The World in 2050 is the best new geography book of the year. If that sounds underwhelming, it shouldn’t. Geography is the new hot discipline. A new generation of geographers is integrating the myriad concerns of the world, whether economic or political, social or environmental.
They are making sense of the globalisation of economics and environmental concerns in a way potentially as important as the cartographers of the middle ages. They are charting our limits and firing our imaginations. In this “thought experiment” into what kind of a world we may face just 40 years hence, Larry Smith shows the power of geography superbly with some literary ability.
To set the scene, he offers four global forces that will shape the coming decades. The first is escalating human demand on diminishing global resources, from water to oil to food. Smith skilfully sums up the global revolution created by the widespread use of fossil fuels in a sentence. “Packed inside a single barrel of oil is about the same amount of energy as would be produced from eight years of labour by an average-sized man.”
And he poses a central ethical dilemma with similar pithiness, asking: “What if you could play God and do the noble, ethically fair thing by converting the entire developing world’s level of material consumption to that now carried out by North Americans. By merely snapping your fingers you could eliminate this misery. Would you?” He adds: “I sure hope not.”
Then there is demography. He looks forward to the completion of the “demographic transition” and the end of population growth, but wonders how close a stable population may be. I think he is too pessimistic here. Fast falling fertility is now a near-global phenomenon that is, to a remarkable extent, independent of social, cultural, economic and even religious factors. It is extremely likely that we will see peak population by 2050, and thereafter maybe decline. But we can certainly agree that demography is no longer humanity’s main demon.
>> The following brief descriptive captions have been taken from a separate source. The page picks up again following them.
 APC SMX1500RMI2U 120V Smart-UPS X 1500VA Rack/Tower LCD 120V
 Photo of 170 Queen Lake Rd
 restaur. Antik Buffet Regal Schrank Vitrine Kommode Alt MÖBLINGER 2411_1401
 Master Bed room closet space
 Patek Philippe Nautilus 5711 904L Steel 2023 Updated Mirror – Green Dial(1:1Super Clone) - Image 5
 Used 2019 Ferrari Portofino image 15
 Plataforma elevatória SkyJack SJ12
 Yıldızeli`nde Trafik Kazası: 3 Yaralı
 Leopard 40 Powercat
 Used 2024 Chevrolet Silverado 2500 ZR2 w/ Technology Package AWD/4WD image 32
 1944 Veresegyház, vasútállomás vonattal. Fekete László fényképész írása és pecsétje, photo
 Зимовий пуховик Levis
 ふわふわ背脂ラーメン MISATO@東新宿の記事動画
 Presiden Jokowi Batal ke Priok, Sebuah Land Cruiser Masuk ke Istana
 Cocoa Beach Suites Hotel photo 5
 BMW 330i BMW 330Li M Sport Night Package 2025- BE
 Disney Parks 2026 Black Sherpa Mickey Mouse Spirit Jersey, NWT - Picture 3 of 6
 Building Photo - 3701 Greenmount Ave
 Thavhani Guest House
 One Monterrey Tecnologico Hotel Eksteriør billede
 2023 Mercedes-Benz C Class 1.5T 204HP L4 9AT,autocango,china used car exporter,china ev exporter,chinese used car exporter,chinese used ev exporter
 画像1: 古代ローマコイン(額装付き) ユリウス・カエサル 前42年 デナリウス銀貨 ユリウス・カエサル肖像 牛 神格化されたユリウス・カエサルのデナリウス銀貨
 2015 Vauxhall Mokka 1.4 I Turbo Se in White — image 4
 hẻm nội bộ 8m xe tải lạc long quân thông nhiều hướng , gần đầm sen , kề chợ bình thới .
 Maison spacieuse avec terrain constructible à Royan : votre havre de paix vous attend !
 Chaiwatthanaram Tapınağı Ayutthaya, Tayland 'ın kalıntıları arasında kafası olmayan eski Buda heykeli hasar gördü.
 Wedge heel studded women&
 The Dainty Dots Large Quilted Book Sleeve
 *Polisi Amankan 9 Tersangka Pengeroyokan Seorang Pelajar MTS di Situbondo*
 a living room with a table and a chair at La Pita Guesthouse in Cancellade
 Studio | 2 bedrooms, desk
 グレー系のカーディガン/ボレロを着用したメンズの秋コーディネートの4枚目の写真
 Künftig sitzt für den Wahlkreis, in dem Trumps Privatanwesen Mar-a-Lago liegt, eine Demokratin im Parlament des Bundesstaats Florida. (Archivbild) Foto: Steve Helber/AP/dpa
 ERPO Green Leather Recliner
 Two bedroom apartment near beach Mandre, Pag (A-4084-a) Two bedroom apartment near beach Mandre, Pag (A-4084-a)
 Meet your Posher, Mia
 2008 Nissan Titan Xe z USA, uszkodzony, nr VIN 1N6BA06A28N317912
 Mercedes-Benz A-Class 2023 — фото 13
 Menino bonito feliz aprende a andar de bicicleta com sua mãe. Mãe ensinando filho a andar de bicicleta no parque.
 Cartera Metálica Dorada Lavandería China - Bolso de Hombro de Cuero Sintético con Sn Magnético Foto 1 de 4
Lifestyle, he says, “is an even more potent multiplier of human pressure on the world resource base than is total population itself.”
Smith’s third global force is globalization itself. Here he shows himself a skilful analyst of economic history, seeing the origins of this “megatrend” in the aftermath of the second world war, while noting that its antecedents go back to the late 19th century, when for a while trade was almost as today.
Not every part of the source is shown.